Originally published by Slate
Unlike the recent suggestions of President Donald Trump, you cannot end birthright citizenship with an executive order. Or even a bill in Congress. So says the Constitution. But don’t trust this president or the next Congress to necessarily agree with the plain meaning of these words. Or future federal officials. Or even the federal courts. Because unbeknownst to most Americans, for more than a century all three branches of government have perpetuated an unconstitutional denial of birthright citizenship.
On Wednesday, the Trump administration will appear in federal court to defend the ability of the political branches to unilaterally restrict the Constitution’s guarantee of birthright citizenship. No, it will not be to defend an executive order or congressional statute denying citizenship to U.S.-born children of unauthorized immigrants. Rather, in Fitisemanu v. United States, the administration is defending the unconstitutional denial of birthright citizenship in U.S. territories before the U.S. District Court for the District of Utah. (Both authors are involved in the lawsuit.)
Many assume that the overwhelming bipartisan consensus condemning the constitutionality of Trump’s plan to restrict birthright citizenship by executive order or congressional statute makes such plans dead on arrival. Simply put, the original understanding of the Citizenship Clause requires recognizing all born on U.S. soil as citizens (the only narrow exceptions are for the children of foreign diplomats, enemy soldiers, or certain Indian tribes). An unbroken line of Supreme Court precedent agrees.
But America’s unsavory history of denying birthright citizenship in overseas U.S. territories offers a cautionary tale.
Today, the federal government labels people born in American Samoa as “non-citizens,” even though it has been a U.S. territory since 1900. Moreover, it holds that the citizenship of millions of Americans born in Puerto Rico and other territories is based on statute, notconstitutional right, and could be rolled back by Congress.
Legal scholars across the ideological spectrum reject this view as a racist, anachronistic, and “unconstitutional exception … invented by administrators and legislators.”
Yet, here we are.
The problem began in 1899, when President William McKinley oversaw annexation of Puerto Rico, Guam, and the Philippines from Spain. In step with prevailing racial attitudes, he judged the native inhabitants unfit to be American citizens. So he acted unilaterally to deny them citizenship.
McKinley’s view—like Trump’s—was clearly contrary to well-settled understandings of the Citizenship Clause.
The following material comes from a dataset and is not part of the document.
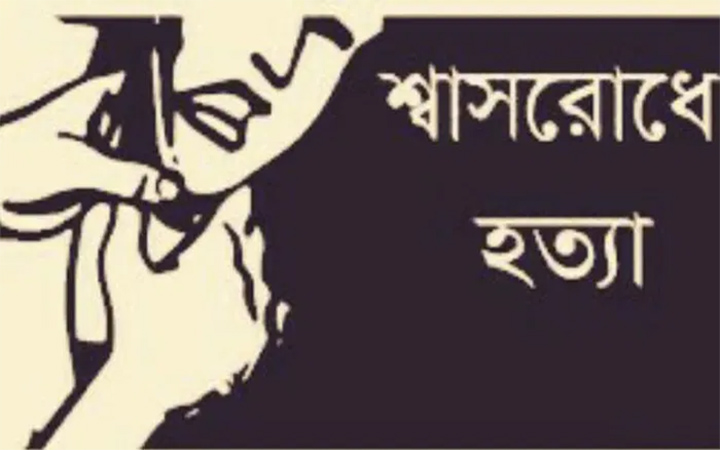 চাটমোহরে নারীকে শ্বাসরোধে হত্যার অভিযোগ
Shortly after the 14th Amendment’s ratification, the Supreme Court explained the clause “put at rest” the proposition that “[t]hose who had been born and resided always in the District of Columbia or in the Territories, though within the United States, were not citizens.” After all, the chairman of the Senate Judiciary Committee explainedduring congressional debates over the Citizenship Clause that it “refers to persons everywhere, whether in the States or in the Territories.” (All emphasis ours.)
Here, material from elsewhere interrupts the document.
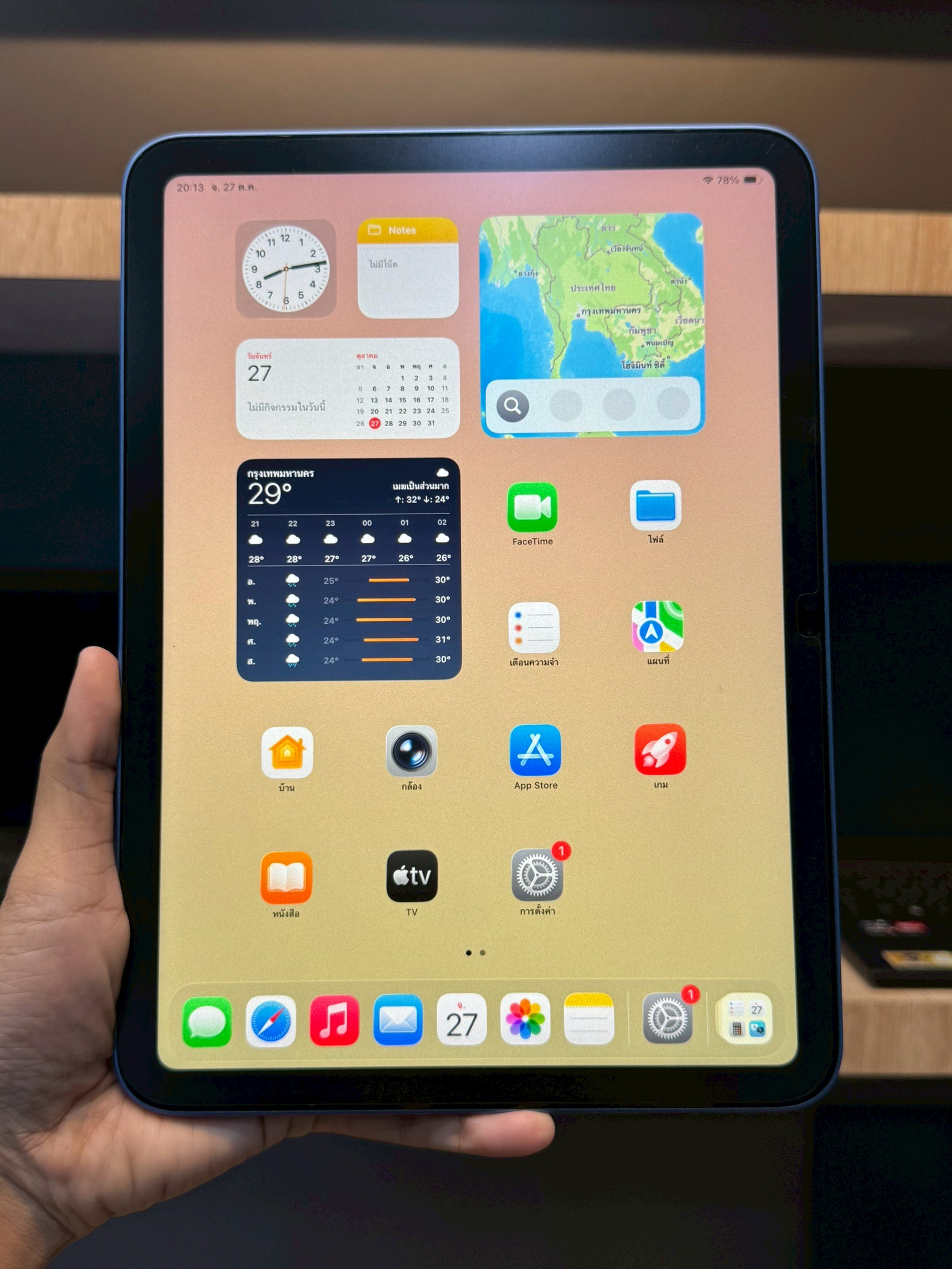 iPad Gen 10 64GB Wifi Blue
But just as Trump is not swayed by the consensus on birthright citizenship today, McKinley’s administration was undeterred then.
Inevitably, the issue reached the Supreme Court. Its response should leave us feeling queasy.
In a 1901 case involving tariffs on oranges from Puerto Rico that had nothing to do with citizenship, key Justices nonetheless opined on the racial fitness of residents of the territories to be citizens. Justice Henry Billings Brown—the author of Plessy v. Ferguson—
rejected birthright citizenship for territorial inhabitants’ “children thereafter born, whether savages or civilized.” Justice Edward Douglas White expressed concern about “bestowal of citizenship on those absolutely unfit to receive it.”
Three years later, the Supreme Court directly faced the question of citizenship. Immigration officials had excluded a Puerto Rican woman as an undesirable alien. She contended that Puerto Ricans were citizens; the federal government argued they were not. The Supreme Court blinked, expressly dodging the question of citizenship and declaring only that Gonzales was not an “alien.”
Every administration since has taken this as a wink and a nod that it need not recognize people born in overseas territories as citizens. Now, more than a century after McKinley carved an “unconstitutional exception” to birthright citizenship, federal law continues to classify people born in overseas U.S. territories as “non-citizen U.S. nationals” unless Congress says otherwise.
Next week a group of passport-holding, tax-paying Americans living in Utah who are labeled non-citizens because they were born in American Samoa will have their day in court. They will ask a federal judge to reject the idea that the political branches can redefine the Citizenship Clause.
We remain optimistic the courts will ultimately recognize that the Citizenship Clause means what it says when it comes to birthright citizenship in U.S. territories.
But this history offers an important lesson.
Americans shouldn’t casually dismiss the threat of a president or Congress redefining the Citizenship Clause to exclude disfavored groups. When political imperatives and racial hostility mix together, the Supreme Court cannot always be relied on to defend the Constitution’s guarantee of birthright citizenship.
Unilateral executive action narrowed constitutional birthright citizenship once before, and we are still living with the consequences.